Marathon review
The nice thing about letting a multiplayer shooter marinate for a few weeks before putting a score on it is that I've learned what being high and low on Marathon is like.
What is it An extraction shooter revival of Bungie's first FPS series.
Release date March 5, 2026
Expect to pay $40/£30
Publisher Sony
Developer Bungie
Reviewed on RTX 5090, Ryzen 7 9800X3D 4.7 GHz, 64GB RAM
Multiplayer Up to 16 players
Steam Deck Unsupported
Link Official site
I've had triumphant nights of tens of thousands in valuables plundered, pried rare guns off the blue-stained corpses of rival squads, and enjoyed a vault resplendent with expensive attachments. I've also visited Marathon rock bottom: a cold, unyielding cycle of squad wipes that will almost convince you that Bungie is conspiring against your successful extraction. I've scraped together loadouts with my last 3,000 credits just to lose it all, and debased myself with Rook runs into hot zones to take home whatever scraps of Biomass were passed over by richer players.

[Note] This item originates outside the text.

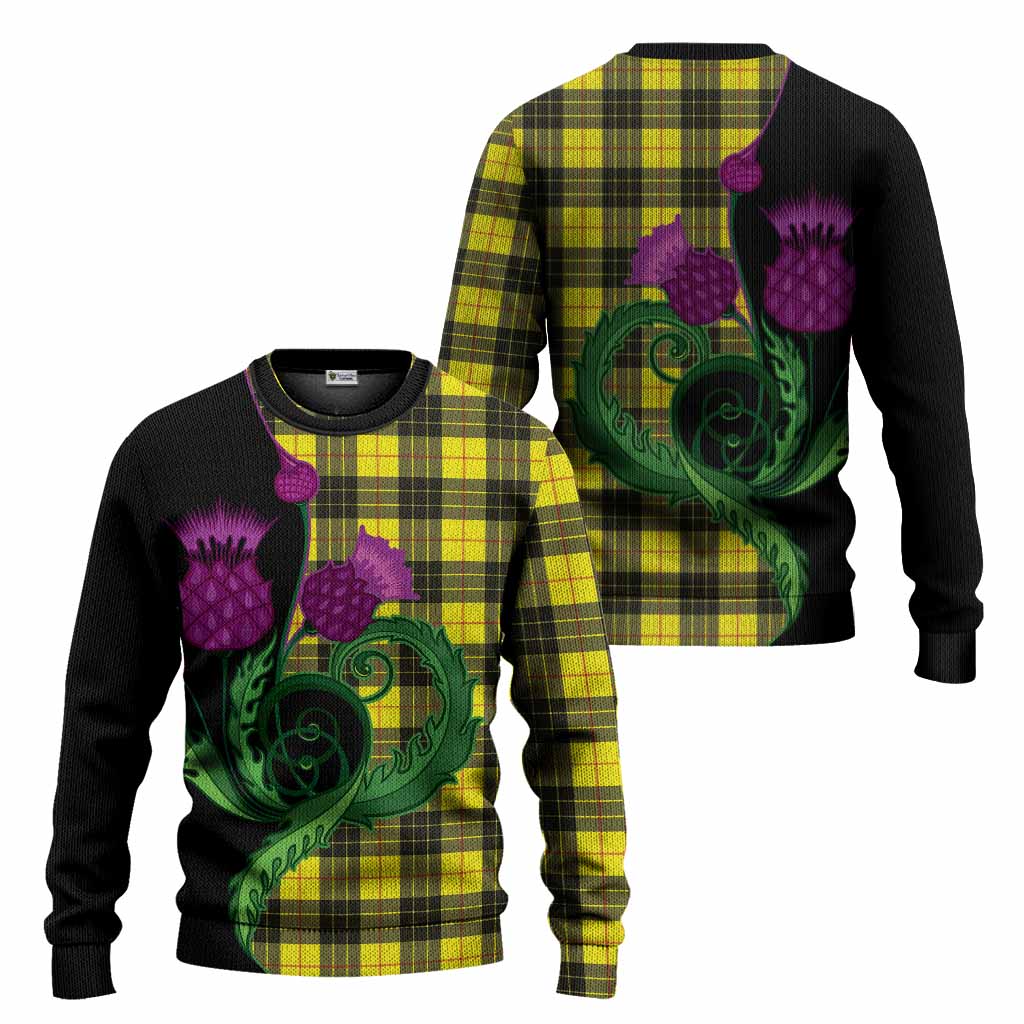 MacLeod (McLeod) Tartan Knitted Sweater Traditional Scottish Thistle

Marathon is brutal. It's also a marvel.
Rampant fun
After respecting Destiny from a distance and gritting my teeth over storied FPS makers leaving old school multiplayer behind, I didn't anticipate that an extraction shooter would be the perfect container for the things Bungie has always done well. Where other competitive shooters squeeze storytelling into the margins, Marathon is drenched in lore.
I approach Marathon like most likely will: completely oblivious to the beloved '90s FPSes where Bungie honed its craft and established a mythology around AI, aliens, and cosmic mysticism that'd later inform the worlds of Halo and Destiny. The very first being in this game is an AI who breaks the news that I've left my mortal coil behind. Like other freelancers I've, uh, "evolved" into a digital consciousness uploaded to a server in a spaceship—unbound from a physical body and free to embody disposable "shells" in contracted runs on the planet Tau Ceti IV, the site of a human colony that vanished without explanation.
The work is hard, the pay is often crap, I've experienced death a hundred times, and I'm in debt—but hey, at least I make my own hours.
Marathon is right up there with Hunt: Showdown in its ability to distill the intensity of extraction shooter fights into repeatable, delectable chunks. And yet it also excels at an Escape From Tarkov brand of loot lust: compounding anxiety and adrenaline as my backpack fills up with stuff I'd sure like not to lose. The way it achieves that PvP focus while still emphasizing loot tells me that Bungie has thought a lot about extraction shooters: Instead of drawing players together with a singular target the whole lobby competes for, Marathon shrinks the average map size for this sort of game.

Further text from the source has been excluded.